Enquanto ela queria tirar as sardas, desejava tê-las. A pele enxerga melhor com sardas. São os óculos naturais da pele. Fogo que levemente doura. Brasa singela que acomete as árvores e o crepúsculo no outono. Pão casado com a madeira.

As sardas são uma procissão da boca. Não retiram beleza, mas acentuam. Fazem qualquer rosto voar como os cabelos, subir como um vestido. Não deixam nenhum rosto brincar sozinho. São marcas de lábios das folhas. Uma chuva de folhas. O cheiro de alfazema das folhas.

O ouvido torna-se mais próximo das sobrancelhas, mais próximo do nariz, mais próximo do queixo. É possível acompanhar toda a vizinhança dos telhados.

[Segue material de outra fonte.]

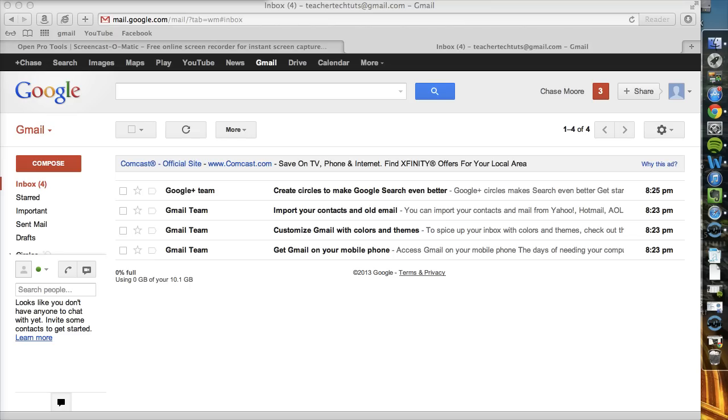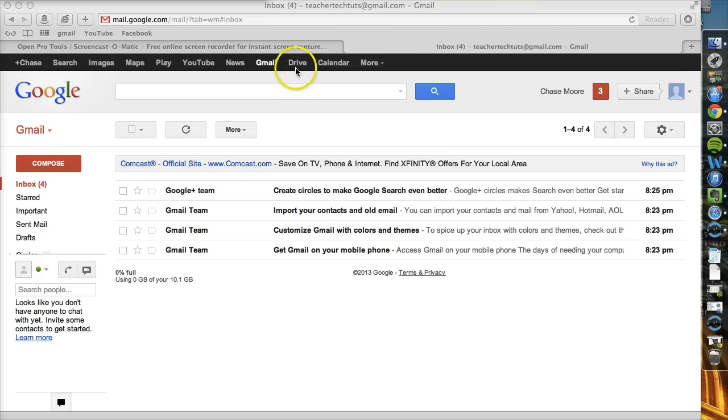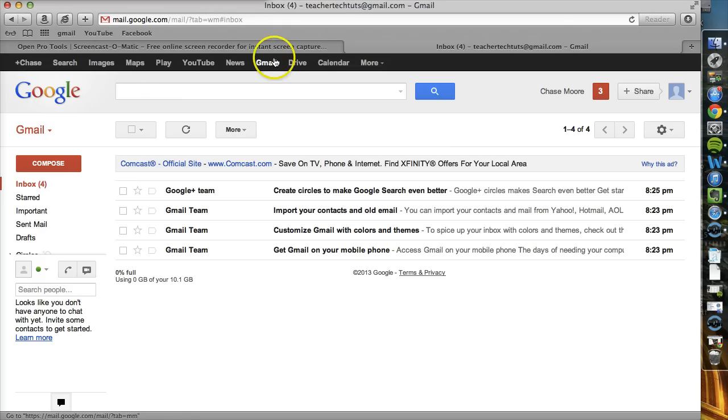And there are two basic ways to access Drive depending on what type of user you are. If you're a frequent Gmail user, if you constantly have your email open like I do, the quickest and easiest way is selecting Drive from the top-level navigation up here. It'll appear somewhere along this row, but usually it's in there.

As sardas são balas de goma, o açúcar das balas de goma. Elas fazem o corpo rir mesmo quando está indisposto. Uma mulher com sardas tem jeito de praça na lomba. Eu só subia a lomba da rua porque tinha uma praça no meio do caminho para brincar e recuperar o fôlego. A praça sempre foi a véspera de minha casa. As sardas são a véspera do sol.

Um rosto com sardas, pode reparar, é bem iluminado. Não pela luz que entra, pela luz que já estava lá.